For instance, when my plaintext is "hello, world" and the key is 13, my ciphertext is "uryybjbeyq" when it should be "uryyb, jbeyq".

At first, I thought my code was encrypting the non-alphabetical characters like it would for normal letters but it looks like my code is just skipping over it instead. Here is a sample of my code:

int key = atoi(argv[1]);

printf("plaintext: ");
string message = get_string();

// Here I am looping through the plaintext. I am checking if each letter is in the alphabet.
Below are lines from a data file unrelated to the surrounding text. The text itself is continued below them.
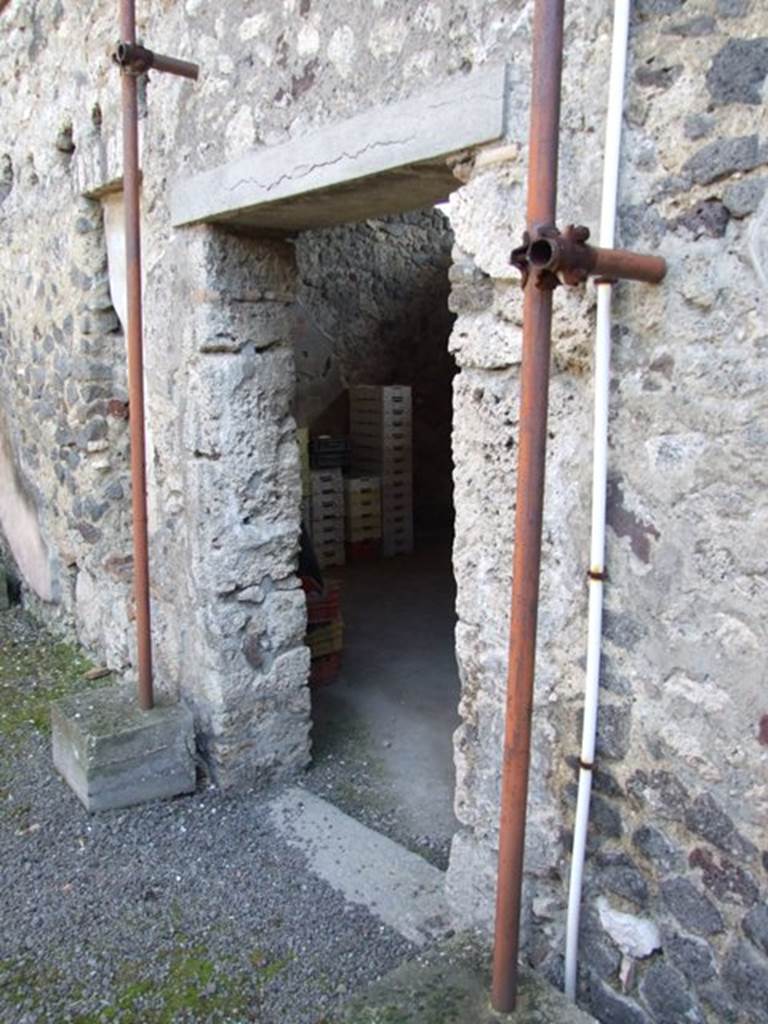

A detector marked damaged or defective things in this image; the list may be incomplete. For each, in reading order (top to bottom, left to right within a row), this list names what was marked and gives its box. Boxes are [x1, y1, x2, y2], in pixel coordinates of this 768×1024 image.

vertical rusty pipe [120, 0, 153, 708]
rusty metal scaffolding pole [120, 0, 153, 708]
horizontal rusty pipe [120, 0, 153, 708]
horizontal rusty pipe [115, 40, 199, 80]
crack in concrete lintel [222, 135, 417, 196]
rusty metal scaffolding pole [493, 0, 565, 1007]
vertical rusty pipe [493, 0, 565, 1011]
horizontal rusty pipe [493, 0, 565, 1015]
horizontal rusty pipe [528, 226, 667, 284]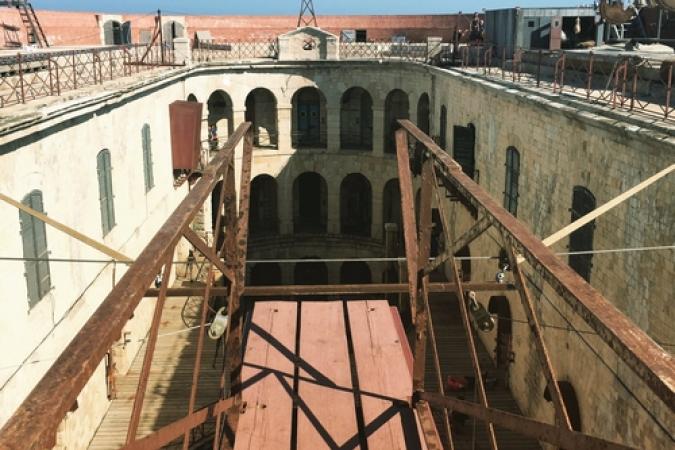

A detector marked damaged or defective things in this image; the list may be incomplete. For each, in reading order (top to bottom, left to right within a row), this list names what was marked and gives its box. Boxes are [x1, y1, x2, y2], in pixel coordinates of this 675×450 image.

rusty metal beam [0, 123, 251, 450]
rusty metal beam [123, 398, 239, 450]
rusty metal beam [143, 282, 516, 298]
rusty metal beam [394, 128, 420, 326]
rusty metal beam [426, 214, 494, 276]
rusty metal beam [418, 392, 640, 450]
rusty metal beam [398, 118, 675, 410]
rusty metal beam [508, 243, 572, 428]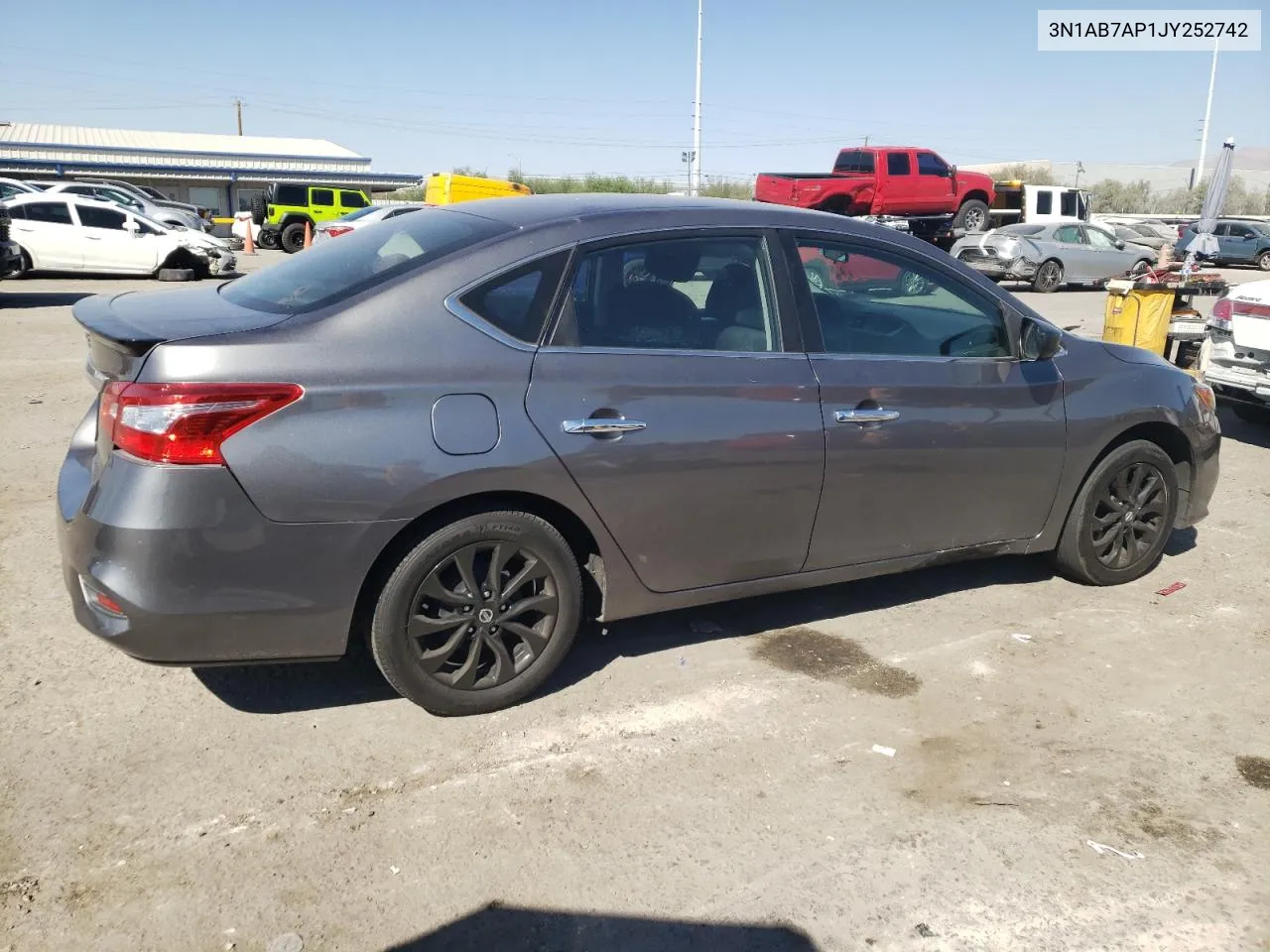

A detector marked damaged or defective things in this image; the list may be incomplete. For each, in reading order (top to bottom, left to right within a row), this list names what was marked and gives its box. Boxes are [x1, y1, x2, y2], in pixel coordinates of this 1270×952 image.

damaged car [6, 193, 233, 282]
damaged car [950, 223, 1158, 294]
damaged car [1199, 278, 1270, 423]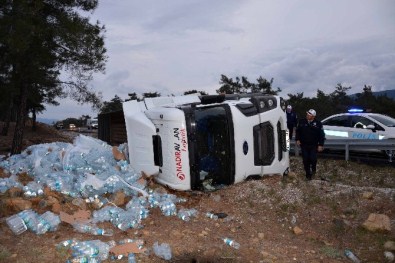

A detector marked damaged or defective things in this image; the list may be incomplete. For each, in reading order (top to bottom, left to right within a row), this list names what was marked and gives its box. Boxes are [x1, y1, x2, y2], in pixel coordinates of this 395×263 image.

overturned truck [124, 94, 290, 191]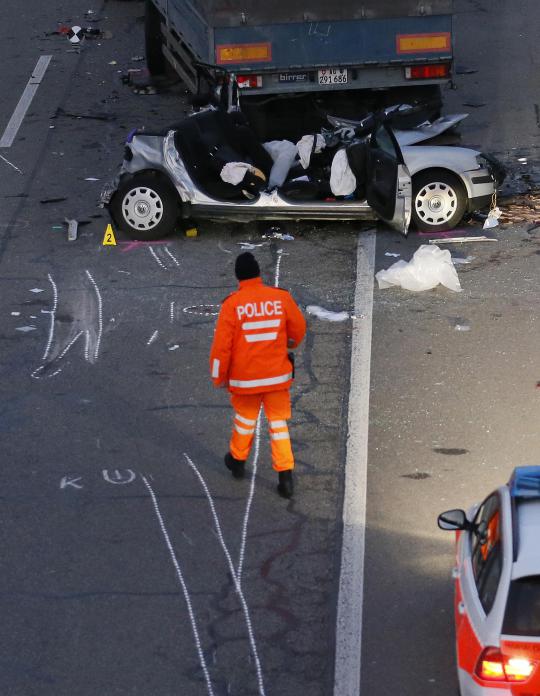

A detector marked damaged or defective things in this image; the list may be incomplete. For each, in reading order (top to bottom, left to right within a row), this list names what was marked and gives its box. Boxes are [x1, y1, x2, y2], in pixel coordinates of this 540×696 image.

If not, I just print it out.
// If the letter is in the alphabet, I check to see if it is upper or lower case and encrypt it.
printf("ciphertext: ");
for (int i = 0; i < strlen(message); i++){
    if (isalpha(message[i])){
        if (isupper(message[i])) {
            char letter = message[i] - 65;
            char encrypt = ((letter + key) % 26) + 65;
            printf("%c", encrypt);
        }
        else if (islower(message[i])){
            char letters = message[i] - 98;
            char encrypted = ((letters + key) % 26) + 98;
            printf("%c", encrypted);
        }
    else {
        printf("%c", message[i]);
    }
}
}
printf("\n");
return 0;

I've been stuck on this for a while now and I can't find anything that can solve the problem! I would appreciate any help :)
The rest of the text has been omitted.